The Easy Politics of Monetary Stimulus

This is backfill from last week, but I gather based on the commentary following Ben Bernanke’s press conference that a lot of people think there would be significant resistance from the median voter to central bank strategies to stimulate the economy by reducing real interest rates. Insofar as these kinds of worries are in fact weighing on the minds of Fed officials, it shows two things.

One, complete and utter dereliction of duty. If Fed staffers, regional presidents, or board members are going to abandon the theory of the independent central bank and start conducting monetary policy according to their guesses about short-term public opinion polling, they really ought to just resign.

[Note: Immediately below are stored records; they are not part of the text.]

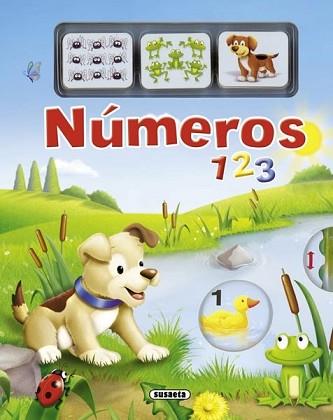 NÚMEROS | 9788467712964 | APSLEY, BRENDA | Llibreria L'Illa - Llibreria Online de Mollet - Comprar llibres online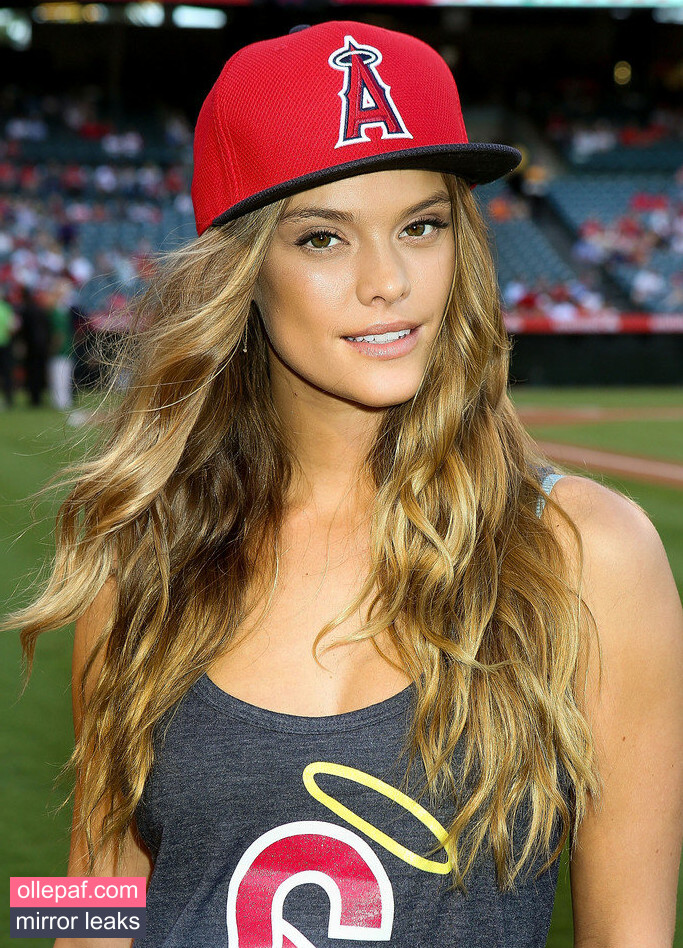 Latest Leaks nina_agdal Nude #854 - Fapello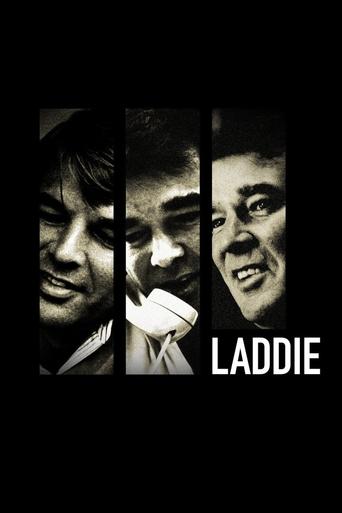 Watch Laddie: The Man Behind the Movies 2017 poster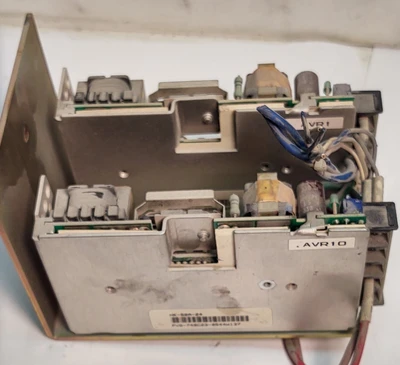 (2) TDK-LAMBDA switching Power Supply HK50A-24 100-120 VAC 24VDC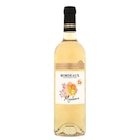 A.O.P. Bordeaux - LA CAVE D'AUGUSTIN FLORENT en promo chez Carrefour Market A.O.P. Bordeaux - LA CAVE D'AUGUSTIN FLORENT dans le catalogue Carrefour Market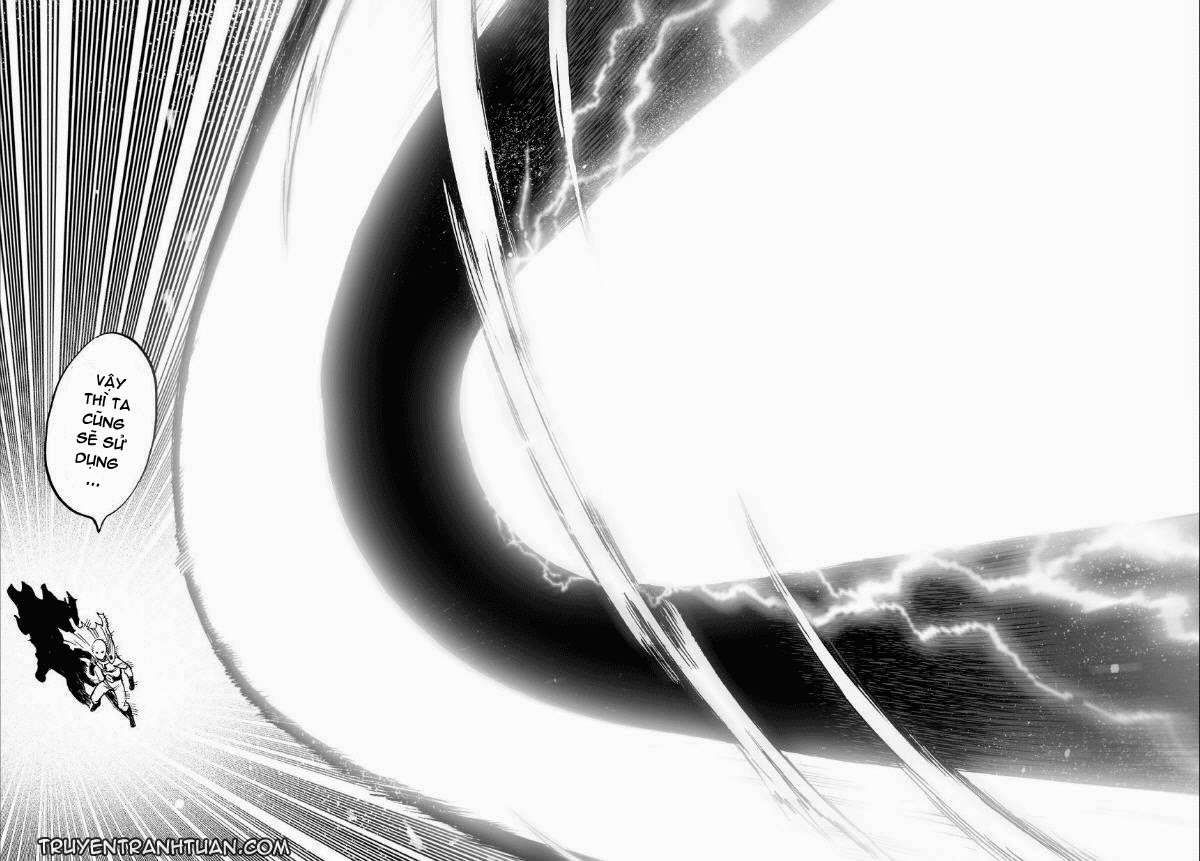 One-Punch Man Chapter 47.2 - Trang 2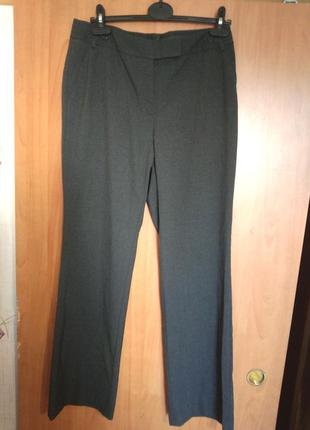 Женские брюки h&m 48-50р.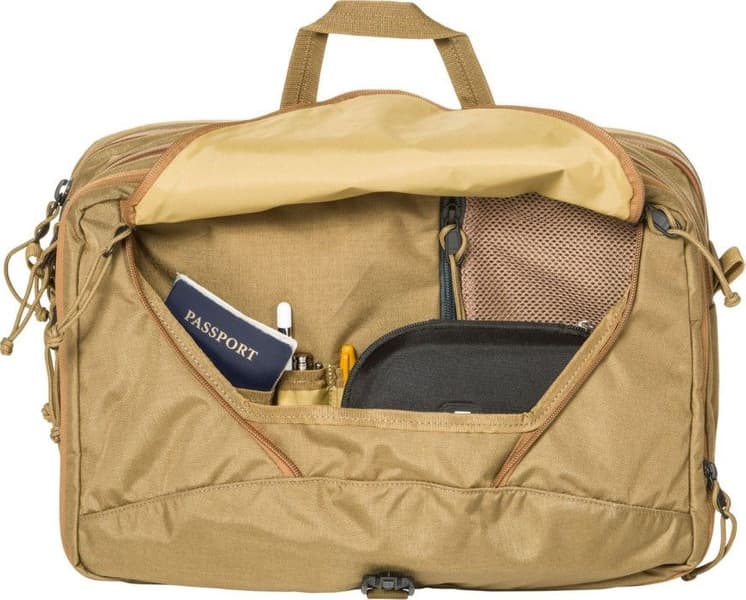 3 Way 22 Coyote, view: 3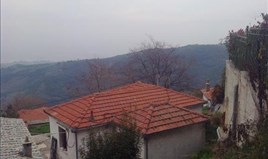 Detached house 65 m² in central Greece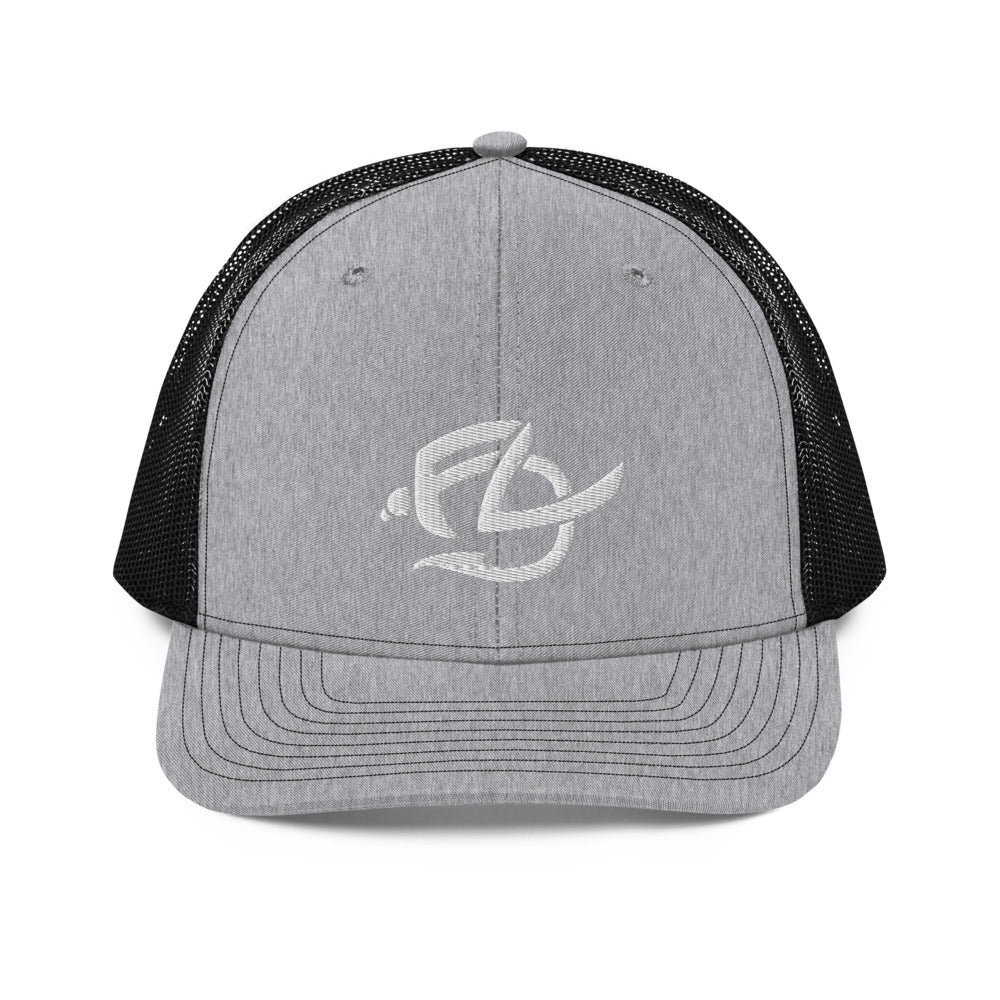 Florida Trucker Cap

Second, an almost shocking lack of imagination. It’s true that the public reaction to a lot of talk about “inflation” might be bad. But if that’s the problem, there’s no need to use the word. Just say, “I want to raise the nominal incomes of American households back to their pre-crisis trend as rapidly as is practical.” The man on the street will find this, at the very worst, to be somewhat confusing. Then since I’m not a believer in pure targeting magic, I think you probably have to do some asset purchases to show that you’re serious. Then, after the next meeting, note the progress you’ve made toward catching up to the nominal income trend, restate your intention to raise nominal incomes back to the trend level as rapidly as is practical, and possibly do some more asset purchases. In practice, rapid growth in nominal incomes will (among other things) involve higher prices since incomes are made of prices. But there’s no need to lead with your chin even if you do want to completely ignore your professional responsibilities and let short-term political considerations dominate your policymaking.